Intelligence committee members said part of the problem is that the Libyan government "has not shown the political incentive or will" to go after those responsible for the attack, and locals in Benghazi who have aided the U.S. have regularly turned up dead. As many as 15 people who supported the investigation or otherwise helped the U.S. have been killed since the attack, according to the FBI.
The State Department said it has taken steps to fix security problems at outposts around the globe.
But spokeswoman Marie Harf said it's not clear how much more could be done in the immediate run-up to the Benghazi assault because no specific intelligence alert had been issued.
"Clearly, we needed to do more with security here. Nobody is saying that we did everything perfectly by any stretch of the imagination," she said. "But again, we continue to assess and have no information to indicate that there was any significant preplanning involved here. So there was a situation where it looks like bad guys who were already operating there took advantage of a situation."
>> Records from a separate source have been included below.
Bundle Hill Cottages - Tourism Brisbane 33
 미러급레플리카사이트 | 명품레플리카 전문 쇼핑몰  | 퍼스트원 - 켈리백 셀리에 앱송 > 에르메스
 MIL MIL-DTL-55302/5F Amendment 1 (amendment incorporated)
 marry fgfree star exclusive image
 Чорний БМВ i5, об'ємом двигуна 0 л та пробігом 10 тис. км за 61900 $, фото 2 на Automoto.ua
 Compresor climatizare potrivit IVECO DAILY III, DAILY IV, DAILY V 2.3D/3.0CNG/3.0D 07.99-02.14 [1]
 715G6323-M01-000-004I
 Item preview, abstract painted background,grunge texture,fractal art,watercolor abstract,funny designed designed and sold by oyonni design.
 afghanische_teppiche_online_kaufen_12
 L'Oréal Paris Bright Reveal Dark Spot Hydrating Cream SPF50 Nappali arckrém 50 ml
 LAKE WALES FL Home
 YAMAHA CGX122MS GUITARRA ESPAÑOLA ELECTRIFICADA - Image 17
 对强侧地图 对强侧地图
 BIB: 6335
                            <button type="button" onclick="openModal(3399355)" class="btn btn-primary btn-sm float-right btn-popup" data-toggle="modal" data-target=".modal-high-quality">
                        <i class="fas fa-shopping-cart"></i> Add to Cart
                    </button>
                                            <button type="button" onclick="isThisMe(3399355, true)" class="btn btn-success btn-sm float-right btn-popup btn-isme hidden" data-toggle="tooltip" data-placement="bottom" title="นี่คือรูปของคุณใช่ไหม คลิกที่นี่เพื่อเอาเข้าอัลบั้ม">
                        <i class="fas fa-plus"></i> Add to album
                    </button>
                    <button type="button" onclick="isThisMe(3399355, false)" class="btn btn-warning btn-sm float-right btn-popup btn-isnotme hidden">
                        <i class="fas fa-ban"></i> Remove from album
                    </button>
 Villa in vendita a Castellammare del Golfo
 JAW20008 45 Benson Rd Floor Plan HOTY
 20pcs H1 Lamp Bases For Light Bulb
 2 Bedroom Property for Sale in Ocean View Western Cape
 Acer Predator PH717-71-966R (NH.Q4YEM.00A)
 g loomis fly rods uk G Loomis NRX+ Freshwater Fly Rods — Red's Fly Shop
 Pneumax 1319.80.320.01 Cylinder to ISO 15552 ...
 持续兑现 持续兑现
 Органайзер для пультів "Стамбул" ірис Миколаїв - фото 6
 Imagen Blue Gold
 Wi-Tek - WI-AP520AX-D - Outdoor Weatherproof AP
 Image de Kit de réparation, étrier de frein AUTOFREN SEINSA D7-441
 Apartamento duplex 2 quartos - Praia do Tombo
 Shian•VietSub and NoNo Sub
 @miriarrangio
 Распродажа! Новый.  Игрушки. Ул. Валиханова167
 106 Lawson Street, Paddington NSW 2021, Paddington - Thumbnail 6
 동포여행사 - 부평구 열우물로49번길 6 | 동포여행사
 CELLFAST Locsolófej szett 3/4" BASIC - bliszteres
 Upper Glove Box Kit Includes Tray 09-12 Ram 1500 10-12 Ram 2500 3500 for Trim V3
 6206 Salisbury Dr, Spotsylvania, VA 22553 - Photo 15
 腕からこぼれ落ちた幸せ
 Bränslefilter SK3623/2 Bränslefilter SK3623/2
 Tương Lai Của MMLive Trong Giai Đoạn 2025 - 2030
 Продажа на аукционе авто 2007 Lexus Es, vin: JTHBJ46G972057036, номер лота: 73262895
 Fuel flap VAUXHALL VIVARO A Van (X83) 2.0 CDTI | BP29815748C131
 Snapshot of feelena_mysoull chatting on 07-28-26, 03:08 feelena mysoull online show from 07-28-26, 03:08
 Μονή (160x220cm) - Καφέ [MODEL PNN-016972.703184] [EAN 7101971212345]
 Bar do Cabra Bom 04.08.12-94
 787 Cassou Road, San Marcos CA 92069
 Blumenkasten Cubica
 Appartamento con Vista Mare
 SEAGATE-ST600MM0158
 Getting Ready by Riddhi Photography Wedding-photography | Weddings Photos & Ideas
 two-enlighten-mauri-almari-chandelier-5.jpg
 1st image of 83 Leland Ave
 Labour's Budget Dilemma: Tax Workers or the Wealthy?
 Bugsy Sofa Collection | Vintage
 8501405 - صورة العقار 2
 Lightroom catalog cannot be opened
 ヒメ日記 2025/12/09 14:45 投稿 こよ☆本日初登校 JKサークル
The report tries to correct some of the narrative that has emerged since the attack. For example, committee members said that contrary to reports, the U.S. was not the only country to keep its mission in Benghazi open during the summer of 2012 — a claim some administration critics made in questioning why the American outpost remained in such a dangerous place.
The report also clears the military of a number of accusations, including that commanders blocked a relief effort and failed to get assets moving quickly enough. Investigators concluded that troops or aircraft that could have helped in that kind of situation were stationed too far away to come to the rescue.
In one stark revelation, the investigators said Gen. Carter Ham, who was in charge of U.S. Africa Command at the time, offered Mr. Stevens more security by extending the deployment of a military site security team.
The State Department had declined the extension, but Gen. Ham, after reading intelligence warnings, twice asked Mr. Stevens whether he wanted the site security team to remain. The ambassador declined both offers.
Republicans on the committee joined in the report's conclusions but submitted an addendum saying the findings didn't go far enough.
The Republican senators said the administration is still stonewalling a request for some documents and that some State Department officials involved in decision-making have refused to testify.
Others gave testimony that contradicted written documents or, in the case of Undersecretary of State for Management Patrick Kennedy, gave testimony that the senators said "was particularly specious."
"The Obama administration was more of a roadblock than a contributor," said Sen. Marco Rubio, Florida Republican and intelligence committee member.
Republicans also criticized the report for not paying more attention to the role of White House and State Department officials who pushed the intelligence community to blame protests rather than a coordinated terrorist assault.
"It is baffling how a fundamental, unclassified fact that was known to the [intelligence community] from the beginning was only communicated clearly to the American people by the administration after the issue had already been sufficiently muddled to result in confusion," said Sen. Susan M. Collins, Maine Republican and a member of the committee.